The city of Austin and other Project Connect partners are creating a working group of stakeholders to help provide feedback and input for the urban rail plan.

The first meeting will be June 26 at 3:30 p.m. at Austin City Hall, and Mayor Lee Leffingwell said the group will meet infrequently this summer.

Urban rail is one piece of a regional transportation plan dubbed Project Connect. Within the plan are five corridor studies that will provide a more detailed look at what types of transportation services would be appropriate for connecting different areas in Central Texas. The studies also look at cost, ridership and alignment. Urban rail will fit into the Central Corridor of Project Connect and will cover Austin's core.

Leffingwell said it is possible the group could have a plan by this fall that could look at the alignment for the initial phase of urban rail. He said the group will go through the public hearing process to allow for citizen comments and the group would report back to the Transit Working Group, which is overseeing the planning of Project Connect.

The mayor would like to see the urban rail plan put before voters in May or November of 2014.

A separate team of stakeholders has just completed work on three maps for the North Corridor study that runs from downtown Austin to Georgetown and is bordered by MoPac, I-35 and SH 130. The North Corridor team will host a series of open house events the week of June 24 to unveil the maps to the public and receive feedback. The maps include possible routes for a variety of bus and rail services that would connect activity centers and transport people throughout the region.
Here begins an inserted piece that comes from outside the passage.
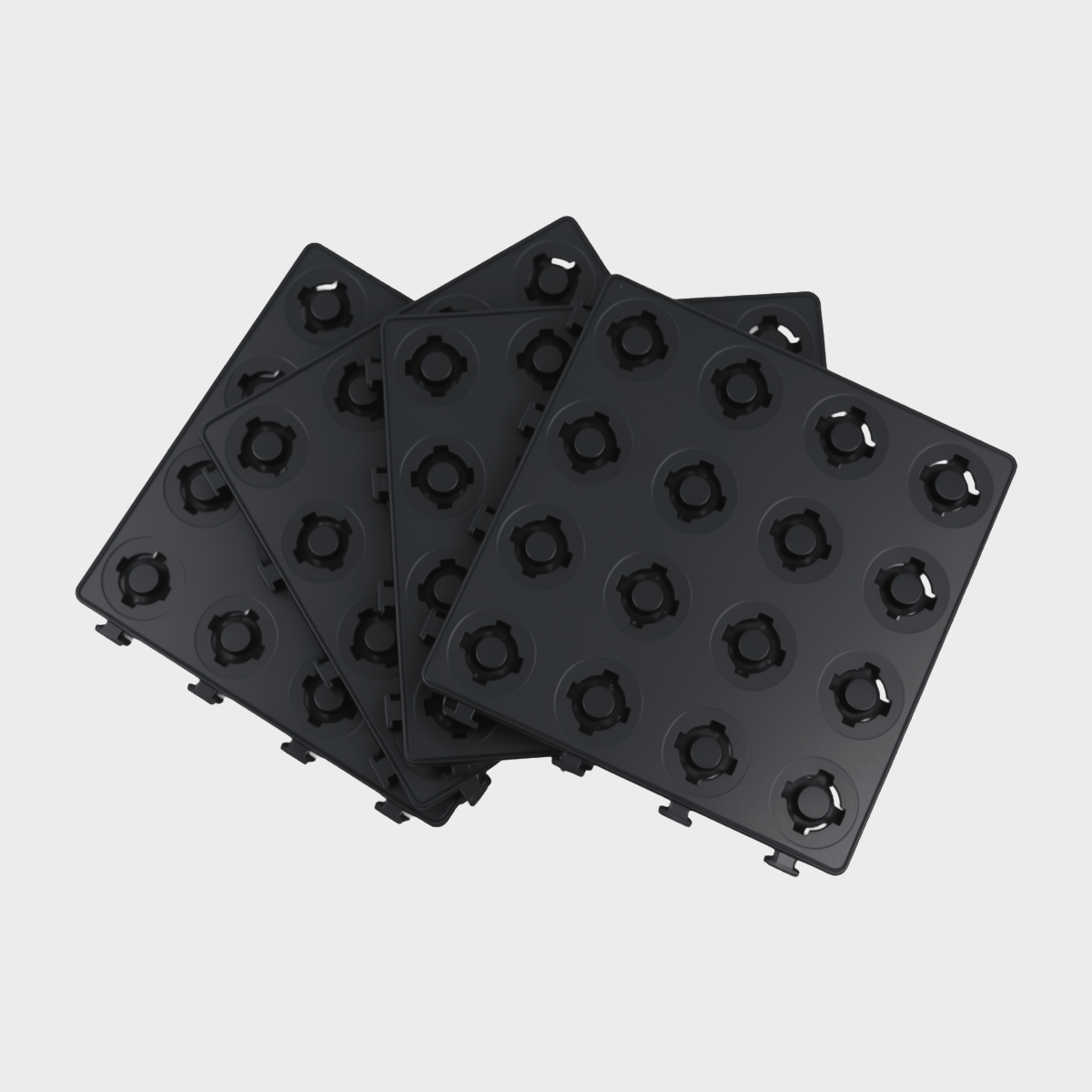Dodge RAM 1500 Cargo Organiser Panel Kit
Round Rock Mayor Alan McGraw, who has been chairing the North Corridor Project Advisory Group, said the planning has not been a rubber stamp process and that the project has a solid framework for moving forward.
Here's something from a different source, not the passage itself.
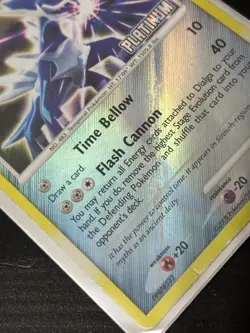 Dialga 16/106 Platinum Burger King Promo STAMPED Reverse Pokemon Card - Image 2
For information on meeting locations and times, visit www.connectcentraltexas.org.

Project Connect update

The TWG also officially approved the framework for the $4 billion Project Connect plan that details an outline for potential funding, the organization and a system-level map. The group will take a break from meeting until August.
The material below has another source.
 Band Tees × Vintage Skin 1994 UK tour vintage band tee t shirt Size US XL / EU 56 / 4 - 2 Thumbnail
"This is s a good solid framework, and we've worked to develop a good vision the public can discuss," said Jeremy Martin, senior vice president at the Greater Austin Chamber of Commerce. "The challenges before us are with funding and the organization and how we flush those out."

Once all the details of Project Connect are fleshed out, the plan will be incorporated into CAMPO's 2040 long-range plan and meshed with plans CAMPO has for the region. CAMPO has the ultimate deciding factor in planning for the region, but many of the CAMPO board members also sit on the TWG, including Will Conley, CAMPO board chair and Hays County Commissioner.

"[Project Connect] is a big piece that will drive a large portion of that [CAMPO 2040] plan and how that will be developed," Conley said.